How can I calculate the numerical second derivative of a function involving an exponential and a singularity at infinity. Unfortunately, the numerical derivative by Ridder's methods provided in "Numerical Recipes in C" can only calculate the first derivative (It requires analytical expression of the function beforehand.) Furthermore I have tried Chebyshev approximation and differentiating the function afterwards but the values given were way off the actual values. I have also tried some finite difference algorithms provided in a mathematical paper yet they were error prone too. The function is e^(x/2) / x^2. I would appreciate any help on the matter.
Thanks in advance
Latest Edit: The issue was solved the FADBAD libraries available in C++ did an extremely good job. They are available via http://www.fadbad.com/fadbad.html
EDIT:
// The compilation command used is given below
// gcc Q3.c nrutil.c DFRIDR.c -lm -o Q3
#include <stdio.h>
#include <math.h>
#include "nr.h"
#define LIM1 20.0
#define a -5.0
#define b 5.0
#define pre 100.0 // This defines the pre
/* This file calculates the func at given points, makes a
* plot.
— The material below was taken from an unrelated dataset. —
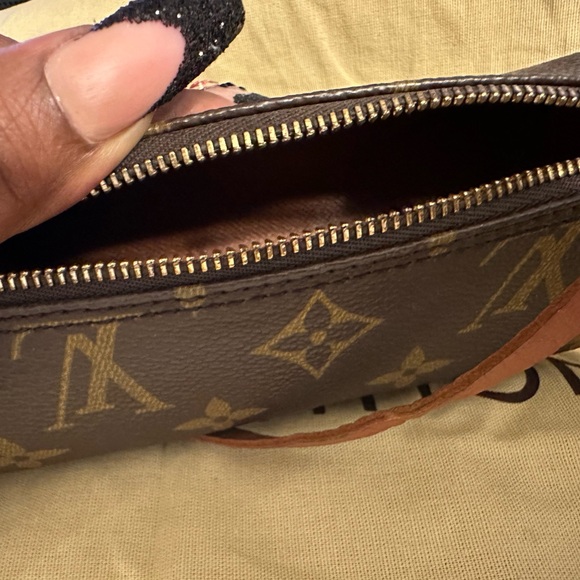Authentic mini Papillion pouch - Picture 1 of 6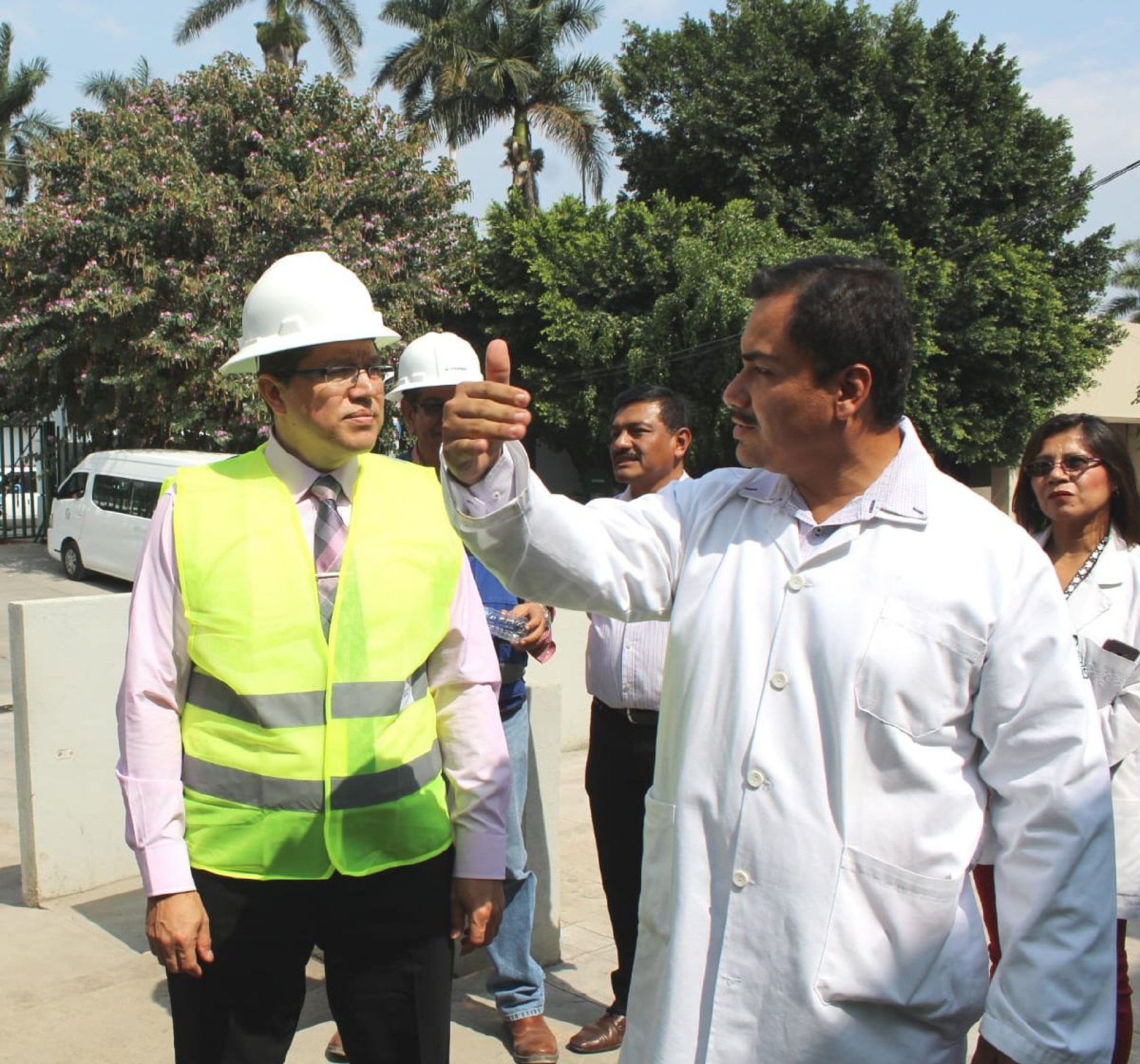 Supervisan autoridades del IMSS atención en unidades médicas de la región oriente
It also calculates the maximum and minimum of the func
* at given points and its first and second numerical derivative.
*/
float func(float x)
{
return exp(x / 2) / pow(x, 2);
}
int main(void)
{
FILE *fp = fopen("Q3data.dat", "w+"), *fp2 = fopen("Q3results.dat", "w+");
int i; // Declaring our loop variable
float x, y, min, max, err, nd1, nd2;
// Define the initial value of the func to be the minimum
min = func(0);
for(i = 0; x < LIM1 ; i++)
{
x = i / pre; // There is a singularity at x = 0
y = func(x);
if(y < min)
min = y;
fprintf(fp, "%f \t %f \n", x, y);
}
fprintf(fp, "\n\n");
max = 0;
for(i = 0, x = a; x < b; i++)
{
x = a + i / pre;
y = func(x);
nd1 = dfridr(func, x, 0.1, &err);
//nd2 = dfridr((*func), x, 0.1, &err);
fprintf(fp, "%f \t %f \t %f \t %f \n", x, y, nd1);
if(y > max)
max = y;
}
fprintf(fp2, "The minimum value of f(x) is %f when x is between 0 and 20. \n", min);
fprintf(fp2, "The maximum value of f(x) is %f when x is between -5 and 5. \n", max);
fclose(fp);
fclose(fp2);
return 0;
}
EDIT: Chebyshev
// The compilation command used is given below
//gcc Q3.c nrutil.c CHEBEV.c CHEBFT.c CHDER.c -lm -o Q3
#include <stdio.h>
#include <math.h>
#include "nr.h"
#define NVAL 150 // Degree of Chebyshev polynomial
#define LIM1 20.0
#define a -5.0
#define b 5.0
#define pre 100.0 // This defines the pre
/* This file calculates the func at given points, makes a
* plot. It also calculates the maximum and minimum of the func
* at given points and its first and second numerical derivative.
*/
float func(float x)
{
return exp(x / 2) / pow(x, 2);
}
int main(void)
{
FILE *fp = fopen("Q3data.dat", "w+"), *fp2 = fopen("Q3results.dat", "w+");
int i; // Declaring our loop variable
float x, y, min, max;
float nd1, nd2, c[NVAL], cder[NVAL], cder2[NVAL];
// Define the initial value of the func to be the minimum
min = func(0);
for(i = 0; x < LIM1 ; i++)
{
x = i / pre; // There is a singularity at x = 0
y = func(x);
if(y < min)
min = y;
fprintf(fp, "%f \t %f \n", x, y);
}
fprintf(fp, "\n\n");
max = 0;
// We make a Chebyshev approximation to our function our interval of interest
// The purpose is to calculate the derivatives easily
chebft(a,b,c,NVAL,func);
//Evaluate the derivatives
chder(a,b,c,cder,NVAL); // First order derivative
chder(a,b,cder,cder2,NVAL); // Second order derivative
for(i = 0, x = a; x < b; i++)
{
x = a + i / pre;
y = func(x);
nd1 = chebev(a,b,cder,NVAL,x);
nd2 = chebev(a,b,cder2,NVAL,x);
fprintf(fp, "%f \t %f \t %f \t %f \n", x, y, nd1, nd2);
if(y > max)
max = y;
}
fprintf(fp2, "The minimum value of f(x) is %f when x is between 0 and 20. \n", min);
fprintf(fp2, "The maximum value of f(x) is %f when x is between -5 and 5. \n", max);
fclose(fp);
fclose(fp2);
return 0;
}
That function is differentiable so using a numeric method is likely not the best. The second derivative is:
6*exp(x/2)/(x^4)-2*exp(x/2)/x^3 + exp(x/2)/(4*x^2)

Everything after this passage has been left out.